In the records below, the relevant part opens with the line containing "Tăblie de pat, negru, 126x4x100" and closes with the line containing "multi-site digital signage"; print that part exactly and only, without its pictures.

+++ Entries provided +++

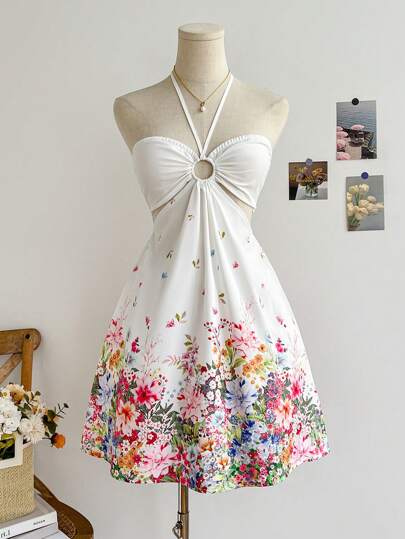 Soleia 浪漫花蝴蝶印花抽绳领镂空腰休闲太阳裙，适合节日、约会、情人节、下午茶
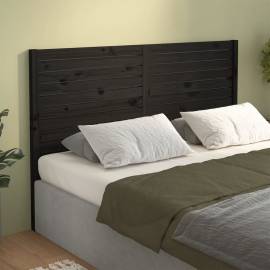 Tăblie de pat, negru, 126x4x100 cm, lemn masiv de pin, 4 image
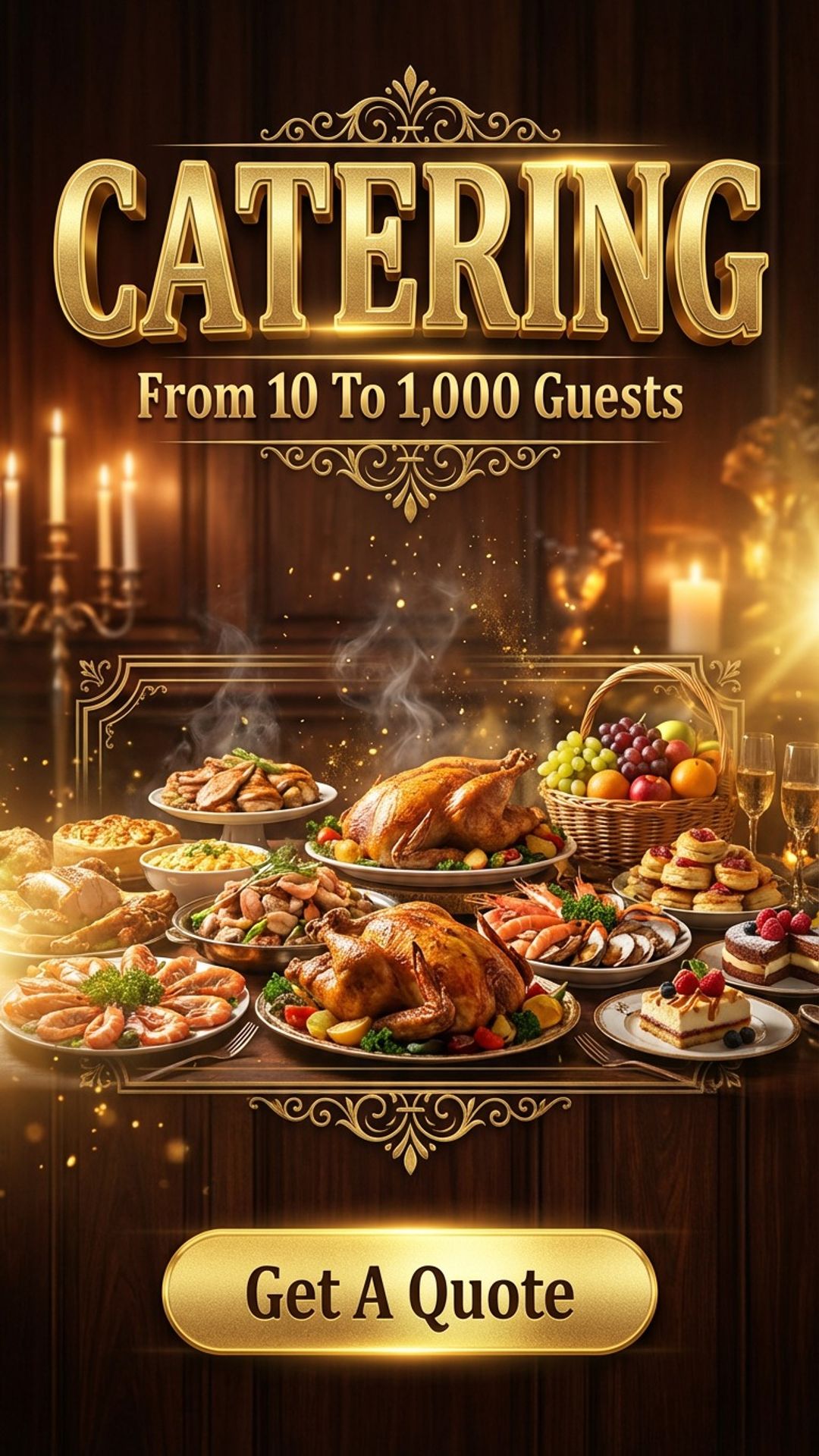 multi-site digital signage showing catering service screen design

+++
+++ Entries provided +++

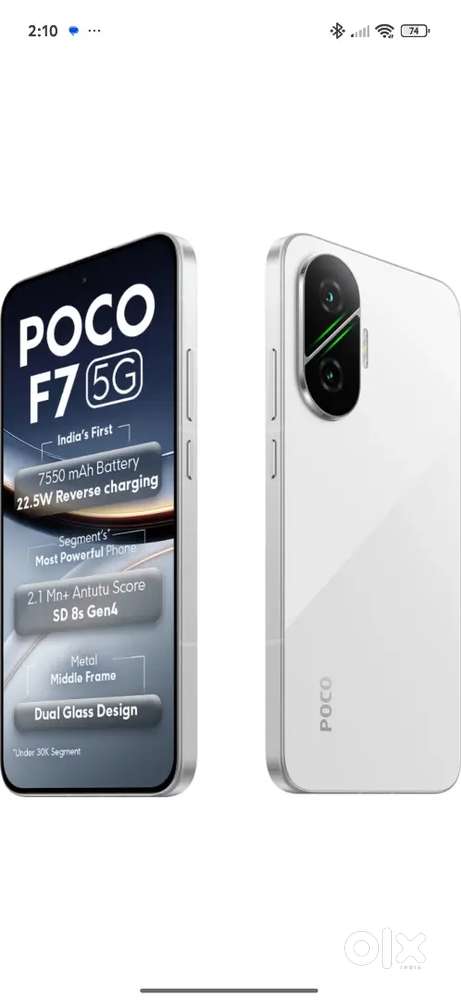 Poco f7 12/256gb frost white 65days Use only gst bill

+++

§ Your response
 Tăblie de pat, negru, 126x4x100 cm, lemn masiv de pin, 4 image
 multi-site digital signage showing catering service screen design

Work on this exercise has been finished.